Premier long métrage d’Antonin Peretjatko sélectionné à la Quinzaine des réalisateurs cette année, La Fille du 14 Juillet, road movie de vacances, se révèle sur fond d’actualité un beau conte d’été.
Des militaires marchent à petits pas rapides autour de la place de l’Etoile. Puis c’est Nicolas Sarkozy qui trottine. On entend claquer ses talonnettes. Il s’installe à la tribuneprésidentielle et assiste aux cérémonies du14 juillet 2011. Un an plus tard, la séquence suivante, c’est au tour de François Hollande de souscrire au rituel. Les pas et le protocole sont les mêmes, ainsi que les cadrages d’Antonin Peretjatko. Cette ouverture donne le ton : La Fille du 14 Juillet est un film frondeur, révélant par le montage la mécanique des corps, vidés de toute psychologie. De simples automates, mus par des désirs qui ne leur appartiennent pas. Les histoires d’amour se déroulent sur fond de crise, tandis que se succèdent les gouvernements dans une ronde en circuit fermé, ridicule d’importance artificielle et anachronique. L’histoire d’amour, ici, est celle d’Hector et Truquette (les noms aussi déclinent le schématisme). Hector est un surveillant de salle déserte au musée du Louvre, Truquette une visiteuse sensible aux charmes d’Hector. Avec quelques personnages secondaires (notamment Vincent Macaigne aka Pator le médecin foireux), ils prennent la route à bord d’une vieille voiture cabossée. Direction la mer.

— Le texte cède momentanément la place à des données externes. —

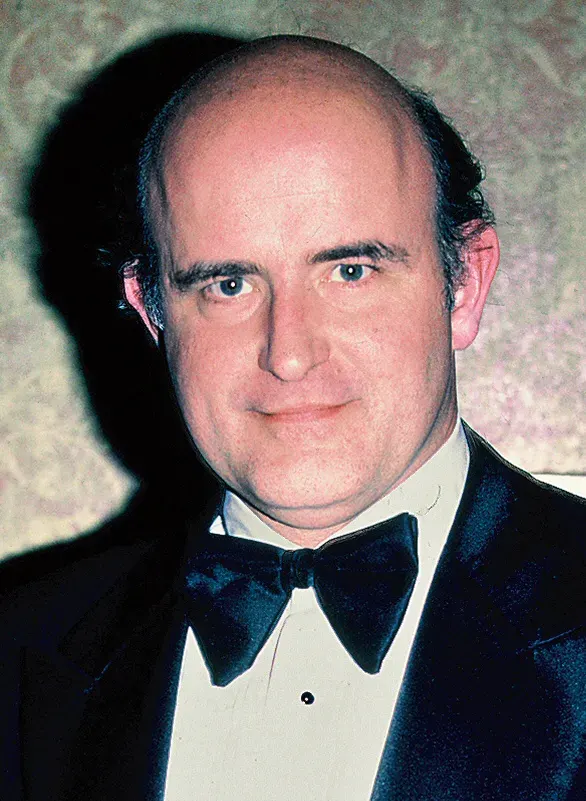 The Peter Boyle card
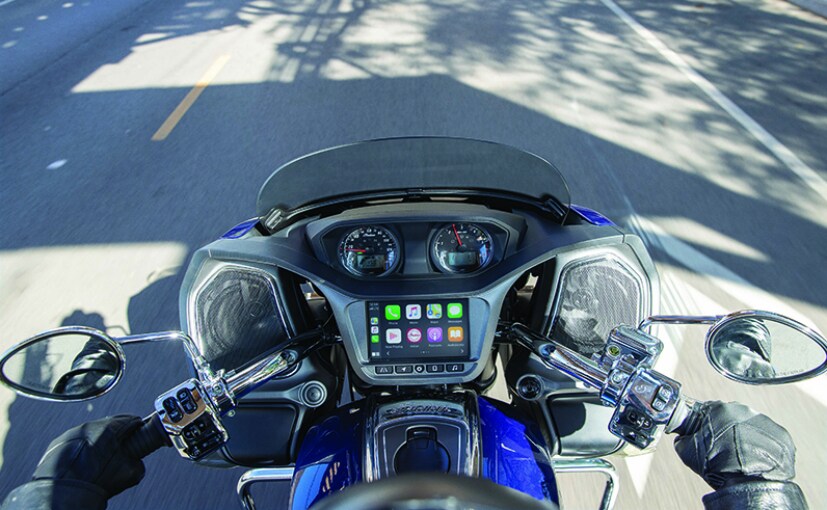 Indian Motorcycle Announces Apple CarPlay Integration Indian Motorcycle Announces Apple CarPlay Integration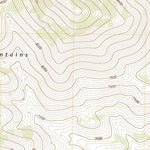 United States Geological Survey Diamond Peak, NV (2021, 24000-Scale) digital map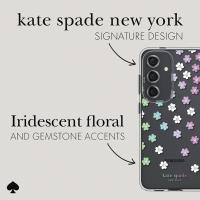 Kate Spade New York Protective Case - Etui Samsung Galaxy S24 (Scattered Flowers)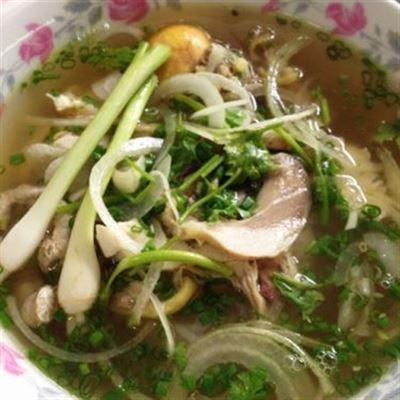 Quán Anh Chiến – Cơm & Phở
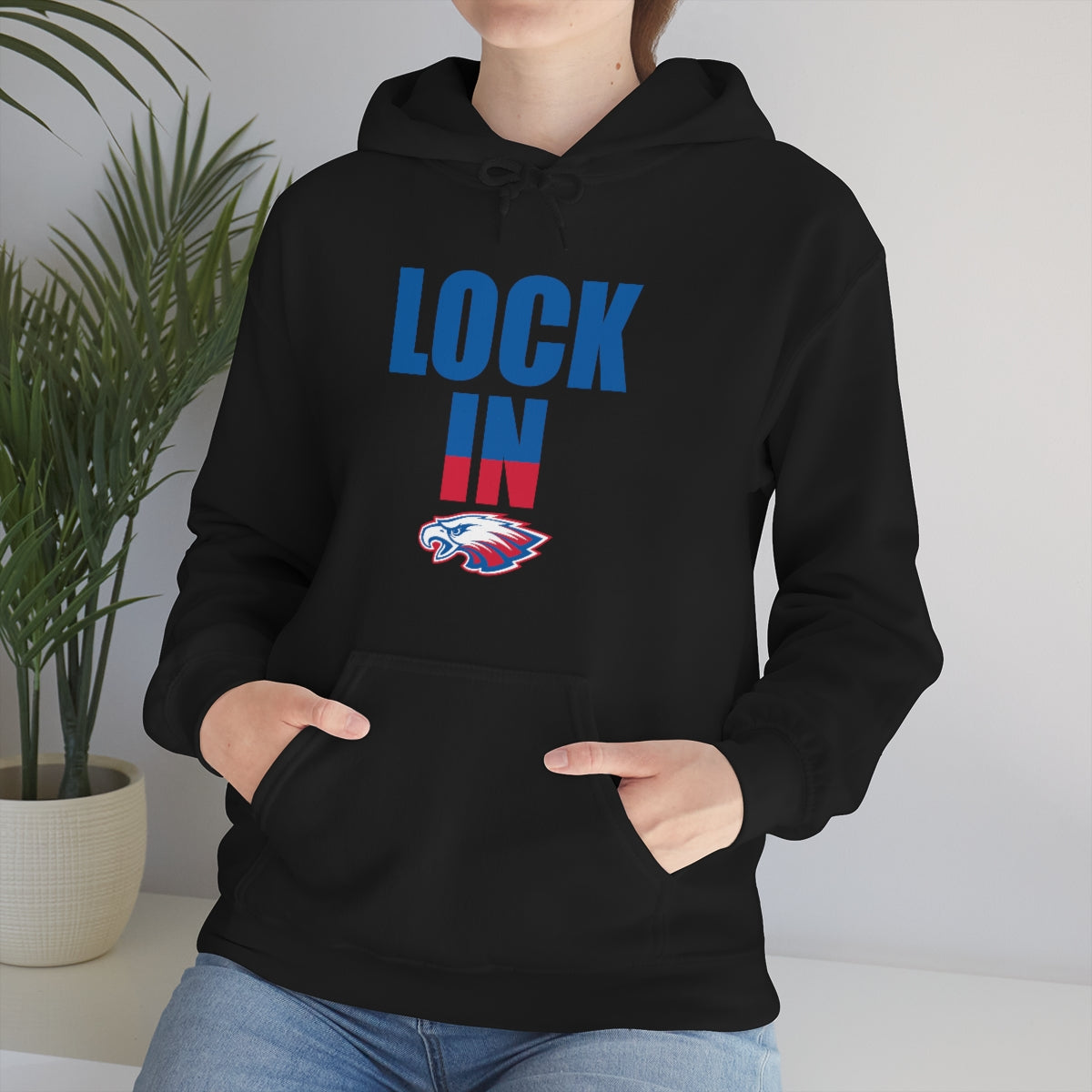 Flyers "Lock In" Hoody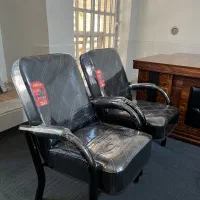 میز و صندلی اداری و مدیریت تمیز و شیک|دفتر کار|اصفهان, ملکشهر|دیوار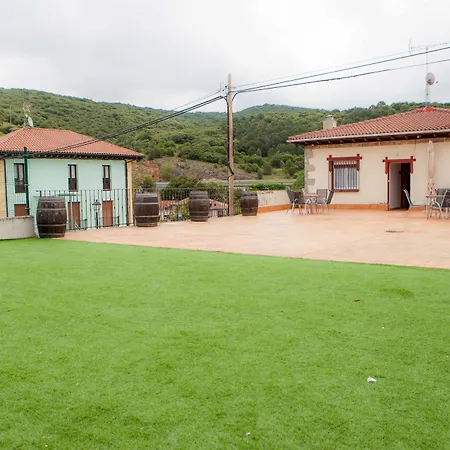 Casa Rural Lagun Etxea-3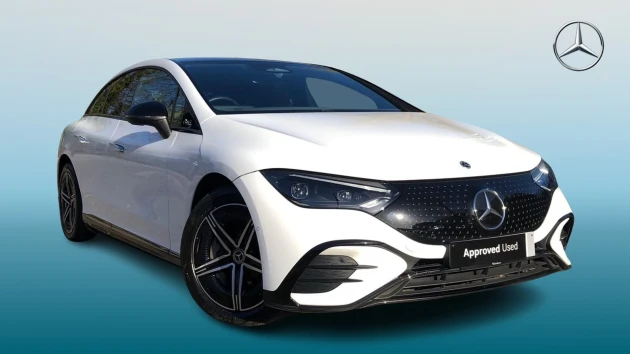 Mercedes-Benz EQE Listing Image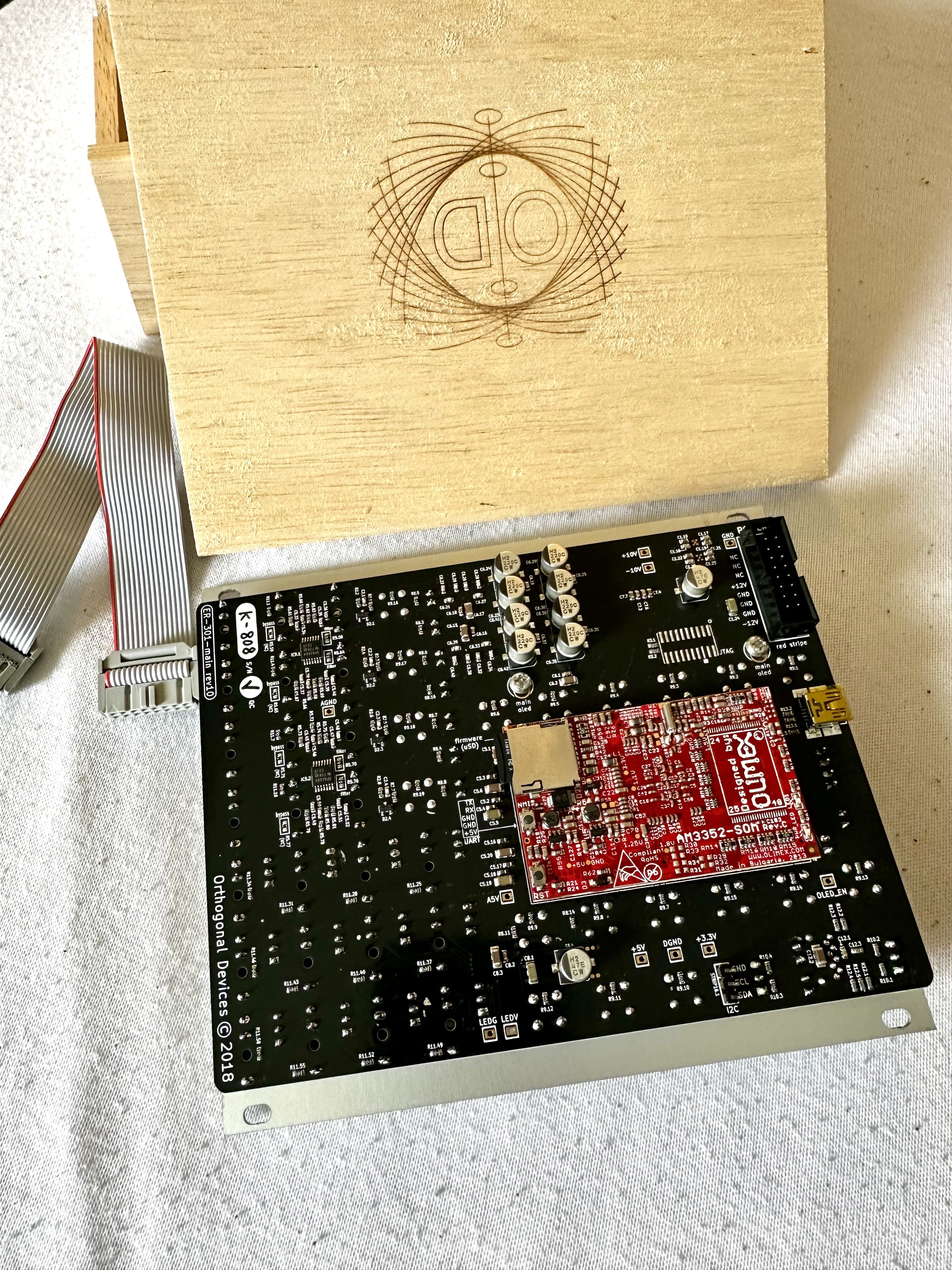 Orthogonal Devices ER-301 (67066)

S’ensuit un road movie estival comme le cinéma français les aime tant (de Rozier à Godard), qui mettra les amours naissantes d’Hector et Truquette à l’épreuve du hasard et des rencontres. Antonin Peretjatko fait partie des cinéastes contemporains maniant avec le plus de tact les clichés en tout genre. Les enchaînements de plans se font brutalement, et le cinéaste raffole des ruptures de rythme. Tandis que se joue la comédie des personnages aussi légers que des pantins, le drame surgit, par le biais d’un monologue en regard caméra profondément triste ou d’une séquence de diapositives prétexte à la nostalgie : incursions tristes comme des jouets cassés. Ces effets presque dissonants semblent sortis de nulle part, tout comme le cinéaste, qui revendique une esthétique de la précarité. Son cinéma est teinté d’un je-m’en-foutisme de façade, qui dissimule une minutie de chaque instant. Il n’y a aucune improvisation dans le cinéma d’Antonin Peretjatko. Tout se décide avant le tournage. La vivacité du film doit beaucoup au travail de montage et de mixage, accélérant certaines voix, ajoutant des bruitages pour habiller le comique visuel. A cet amour du bricolage s’ajoute celui des objets, omniprésents, comme autant de personnages burlesques et voués à la péremption. Tranchant si nettement avec la qualité froide des grandes démonstrations de force du cinéma contemporain et numérique, l’impression qui domine avec La Fille du 14 Juillet est celle d’un film fait à la main, donnant à ses personnages ce qui les rend si beaux : leur fragilité.